The Newsroom

Live Reports on News Bulletins

(August 2011)

This site closed in March 2021 and is now a read-only archive
IS
Inspector Sands
Someone mentioned to me years ago, that unlike a self contained packaged report, 'lives' don't get archived, and even is the segment of the programme they're part of does, the format is of course unsuitable to edit into a documentary or similar years (or even a few weeks) later ?

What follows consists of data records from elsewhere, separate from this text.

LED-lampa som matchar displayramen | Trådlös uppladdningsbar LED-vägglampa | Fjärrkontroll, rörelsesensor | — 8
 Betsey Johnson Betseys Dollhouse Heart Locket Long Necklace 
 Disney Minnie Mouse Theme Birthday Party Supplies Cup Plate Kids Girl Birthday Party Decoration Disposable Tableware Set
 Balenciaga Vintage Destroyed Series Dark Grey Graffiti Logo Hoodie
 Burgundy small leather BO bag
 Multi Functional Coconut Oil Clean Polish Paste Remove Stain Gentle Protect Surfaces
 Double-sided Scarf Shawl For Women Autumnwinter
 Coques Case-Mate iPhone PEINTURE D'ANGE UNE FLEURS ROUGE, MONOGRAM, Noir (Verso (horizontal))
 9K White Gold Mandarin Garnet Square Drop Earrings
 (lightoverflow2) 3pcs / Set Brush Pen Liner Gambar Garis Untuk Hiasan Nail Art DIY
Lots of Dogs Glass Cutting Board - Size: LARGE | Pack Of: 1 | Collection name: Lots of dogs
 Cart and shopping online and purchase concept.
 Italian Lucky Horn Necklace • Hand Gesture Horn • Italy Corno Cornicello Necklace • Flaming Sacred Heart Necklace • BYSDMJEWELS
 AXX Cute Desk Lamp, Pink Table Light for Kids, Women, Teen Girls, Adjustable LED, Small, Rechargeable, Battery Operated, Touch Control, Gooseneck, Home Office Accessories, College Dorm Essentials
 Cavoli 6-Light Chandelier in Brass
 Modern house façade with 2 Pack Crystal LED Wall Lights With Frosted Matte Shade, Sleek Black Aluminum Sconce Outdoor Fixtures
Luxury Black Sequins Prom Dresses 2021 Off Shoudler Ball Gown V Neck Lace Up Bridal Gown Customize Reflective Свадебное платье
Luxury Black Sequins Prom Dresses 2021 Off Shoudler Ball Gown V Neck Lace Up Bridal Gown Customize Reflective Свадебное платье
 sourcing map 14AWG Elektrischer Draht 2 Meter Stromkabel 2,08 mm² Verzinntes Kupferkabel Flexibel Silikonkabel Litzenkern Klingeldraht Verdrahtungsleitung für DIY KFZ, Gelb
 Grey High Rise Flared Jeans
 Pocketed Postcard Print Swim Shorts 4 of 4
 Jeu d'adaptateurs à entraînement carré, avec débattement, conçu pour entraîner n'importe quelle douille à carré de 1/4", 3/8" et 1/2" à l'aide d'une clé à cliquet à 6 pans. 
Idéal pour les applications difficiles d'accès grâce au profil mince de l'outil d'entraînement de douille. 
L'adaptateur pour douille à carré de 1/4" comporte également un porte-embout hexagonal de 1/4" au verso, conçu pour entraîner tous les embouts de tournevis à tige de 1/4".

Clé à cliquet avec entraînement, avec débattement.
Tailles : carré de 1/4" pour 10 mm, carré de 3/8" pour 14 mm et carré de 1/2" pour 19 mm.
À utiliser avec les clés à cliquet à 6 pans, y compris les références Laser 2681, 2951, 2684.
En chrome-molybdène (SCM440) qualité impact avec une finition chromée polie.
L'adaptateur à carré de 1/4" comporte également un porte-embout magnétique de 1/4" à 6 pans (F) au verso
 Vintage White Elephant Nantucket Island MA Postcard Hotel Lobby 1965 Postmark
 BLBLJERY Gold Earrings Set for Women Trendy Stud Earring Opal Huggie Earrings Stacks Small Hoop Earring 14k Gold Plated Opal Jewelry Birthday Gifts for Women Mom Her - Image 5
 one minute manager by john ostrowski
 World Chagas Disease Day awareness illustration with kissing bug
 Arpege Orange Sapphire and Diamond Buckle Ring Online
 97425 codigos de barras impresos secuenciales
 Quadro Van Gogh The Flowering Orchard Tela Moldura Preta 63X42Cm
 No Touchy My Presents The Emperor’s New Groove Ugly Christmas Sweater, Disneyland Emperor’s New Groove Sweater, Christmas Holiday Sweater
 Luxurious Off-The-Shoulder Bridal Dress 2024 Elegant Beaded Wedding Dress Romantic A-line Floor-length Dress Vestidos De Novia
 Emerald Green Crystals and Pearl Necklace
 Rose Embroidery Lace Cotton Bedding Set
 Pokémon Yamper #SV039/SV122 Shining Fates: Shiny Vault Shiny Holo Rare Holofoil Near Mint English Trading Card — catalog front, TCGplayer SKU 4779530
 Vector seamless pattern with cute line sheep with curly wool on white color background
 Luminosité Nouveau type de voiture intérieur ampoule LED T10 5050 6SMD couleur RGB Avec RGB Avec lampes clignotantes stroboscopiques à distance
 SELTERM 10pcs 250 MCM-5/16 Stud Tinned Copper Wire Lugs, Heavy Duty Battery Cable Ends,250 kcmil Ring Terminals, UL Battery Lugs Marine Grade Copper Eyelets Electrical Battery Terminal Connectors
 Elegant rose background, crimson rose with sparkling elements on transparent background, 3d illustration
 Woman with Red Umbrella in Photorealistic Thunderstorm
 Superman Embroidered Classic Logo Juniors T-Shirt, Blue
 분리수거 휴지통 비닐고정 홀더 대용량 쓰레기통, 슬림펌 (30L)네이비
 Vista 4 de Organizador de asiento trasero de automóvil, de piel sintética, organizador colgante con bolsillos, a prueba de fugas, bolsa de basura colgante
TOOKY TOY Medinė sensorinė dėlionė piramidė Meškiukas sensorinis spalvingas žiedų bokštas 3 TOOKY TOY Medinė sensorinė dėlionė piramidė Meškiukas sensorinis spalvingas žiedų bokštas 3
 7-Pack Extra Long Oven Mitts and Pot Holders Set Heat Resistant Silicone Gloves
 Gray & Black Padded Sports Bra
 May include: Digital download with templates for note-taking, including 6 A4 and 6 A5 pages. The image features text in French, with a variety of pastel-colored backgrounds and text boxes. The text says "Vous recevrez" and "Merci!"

Stand-alone news bulletins (as opposed to rolling news) are recorded 'clean' so the lives will be on there if needed.
BR
Brekkie
House posted:
What the Americans do particularly well, though, is how they show it's live. On somewhere like ABC World News, they have a small 'Live ET' at the top of the aston, which fades in and out with it. Nothing big and obscuring (usually), on screen for the duration. But then it's less of a deal for the US broadcasters as they usually have far more lives as standard in bulletins than we do. And NBC's TODAY programme kept a 'LIVE' bug during Al Roker's weather forecast, which obscured the statue of Marilyn he was talking about (they only had the one shot), leaving him to actually reference the bug. But even then, that sort of thing seems rarer than here.

Definitely agree the live bugs are annoying, especially when anchoring on location. The Royal Wedding was a good example for the BBC - clearly outside Buckingham Palace, but they felt that needed to be mentioned on screen, even though it wasn't necessary outside the news bulletins that day. I think I said at the time just as certain people won't have astons (the Primeminister, the Queen, the President etc.) I think for certain locations (No. 10, Buckingham Palace, the Whitehouse) they're unnecessary too.

And also much better they just fade them out with the aston rather than keep them on throughout. That could get us on to a whole other topic though, especially with 24 hour news where the lower thirds are now virtually permanently filled.